Une page qui se tourne pour l’île

C’est une page qui se tourne pour les bêtes, les soignants, et pour l’île tout entière. Depuis 1986, Saint-Barth accueille un ranch. D’abord à Flamands, puis à Gouverneur, en haut de ce morne où Irma a été fatale à plusieurs équidés. Il n’y a plus de chevaux à Saint-Barth. « Je verse ma petite larme », admet Serge, qui les fréquente depuis tout ce temps. Ancien carreleur passionné d’équitation, il assiste au grand départ, et immortalise une dernière fois ces animaux qu’il connaît par cœur. « Celui-là est né ici. Il a mauvais caractère, comme sa mère », raconte-t-il en désignant le bel Adonis. « Cette jument, Linda, a dépassé 37 ans, elle a toujours été là. Je me rappelle, nous devions aller à Saint-Martin pour passer les galops… »

 

Après un mois passé en quarantaine (Saint-Barth n’étant pas membre de l’UE, ils ont dû subir une série de tests et d’analyses pour obtenir le droit de poser le pied en France), les chevaux sont tout étonnés devant tant d’activité. Connues pour leur sensibilité, les bêtes ressentent le stress de l’équipe. Oreilles dressées, elles s’agitent au moment de partir. Les chevaux partent fièrement jusqu’au port, dans une dernière parade sur leur île, sous les yeux ébahis ou attendris des passants qui les croisent. A Public, ils savourent l’air de la mer, ravis. Mais rapidement, ils se doutent qu’il y a anguille sous roche. La montée dans les containers spécialement aménagés pour eux est un moment difficile pour tout le monde. Il faut user de douceur et fermeté pour faire grimper ces bêtes de plusieurs centaines de kilos dans leurs boxes. Adonis, le plus jeune cheval de la troupe, se lance sans difficulté sur la passerelle. Mais quand la porte se ferme, il comprend et s’énerve : les bruits de ruades et les hennissements brisent le calme du port de commerce, au crépuscule. Les paroles et caresses des bénévoles de Galops des îles parviendront finalement à le calmer.

 

Entre le départ du ranch et la fin du chargement, l’opération aura duré plus de cinq heures, mardi.
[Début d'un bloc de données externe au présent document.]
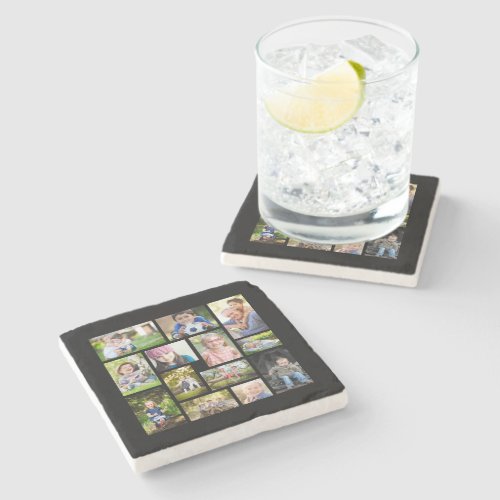 Create Your Own Multi Photo Collage Black White Stone Coaster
Sans anicroche, en grande partie grâce à la police territoriale, qui a accompagné les convois et tempéré la circulation autour. Tout a été fait pour que le dernier voyage des chevaux se passe bien. Le plus dur commence maintenant pour l’équipe de Galops des îles, qui ne respirera plus tant que les chevaux n’auront pas posé le sabot à Dunkerque.
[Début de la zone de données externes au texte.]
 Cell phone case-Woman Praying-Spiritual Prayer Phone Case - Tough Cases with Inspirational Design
L’association continuera d’animer Gouverneur. Avec les poneys shetlands, qui restent ici. Et un projet de ferme pédagogique pour les enfants de l’île, porté par la Collectivité. Mais les chevaux et l’équitation, c’est terminé pour Saint-Barth. Sans abri anti-cyclonique, sans espace suffisant pour une cavalerie plus vaste, sans garantie d’accès à l’eau, la décision de renvoyer les chevaux vieillissants en métropole était la seule qui vaille. Malgré la tristesse, mercredi au départ du cargo, des bénévoles et des habitants amoureux de chevaux.

 

> Avant Irma, Galops des îles vivait à l’équilibre financier grâce à 80 cavaliers, enfants et adultes. Depuis l’ouragan, l’association ne bénéficie que de dons et de subventions pour nourrir et soigner les chevaux. La mise en quarantaine, le voyage en bateau, et désormais le soin aux poneys qui restent, nécessitent toujours des frais importants. Pour y faire face, la cagnotte Leetchi de Galops des îles est toujours en ligne.